So we kicked off the quest with a pile of locations and a horde of goblins in the staging area, not to mention, well, Durin's Bane. I quite like the way they've depicted the Balrog in this quest: we never fight it directly, but are instead trying to run away from it as fast as we possibly can, while its threat constantly grows. It's an excellent mechanic that leads to a truly nail-biting quest.

There was nothing to do except get down to clearing the staging area and getting some progress on the quest. While we were still more or less busy getting some of the initial cards sorted, poor Boromir was defending an attack from a Goblin Swordsman, who drew Chance Encounter as its shadow card; since my partner was the first player, and Boromir was already wounded, we lost our first hero. It didn't get much easier from there.

I also need to remember to write this one down for the history books: I used West Road Traveller's Response! We drew Dreadful Gap, which immediately became our active location. With our Leadership deck amassing its army of allies, we'd never manage to clear that damn thing ever - until my West Road Traveller swapped it for Plundered Armoury.
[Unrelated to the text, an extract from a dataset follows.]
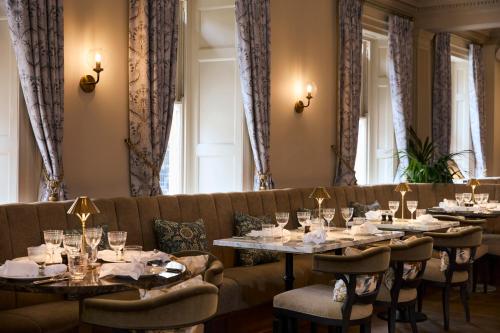 a dining room with tables and a couch at Francis Hotel Bath in Bath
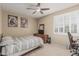 Cozy bedroom with neutral tones, natural light, and comfortable bed at 26249 N 68Th Ln, Peoria, AZ 85383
Somehow or other, we made it to the second quest stage, down to eight heroes. The second stage is quite clever as well: instead of a single quest card, there's a quest deck, consisting of a whole bunch of second quest stages, all with identical 2a sides, and they only get flipped over to reveal the business side when staging begins, so even as you're committing characters to the quest, you don't know which quest it is! Only when you find one of the quest cards that represents a way out can you win the scenario.

By this time, treacheries like Undisturbed Bones and Dark and Dreadful were taking a steady toll on our allies, including the only Warden of Healing I'd managed to draw. Galadhrim's Greetings, Secret Vigils and Double Back were barely keeping our threat manageable as the looming shadow in the darkness grew and grew...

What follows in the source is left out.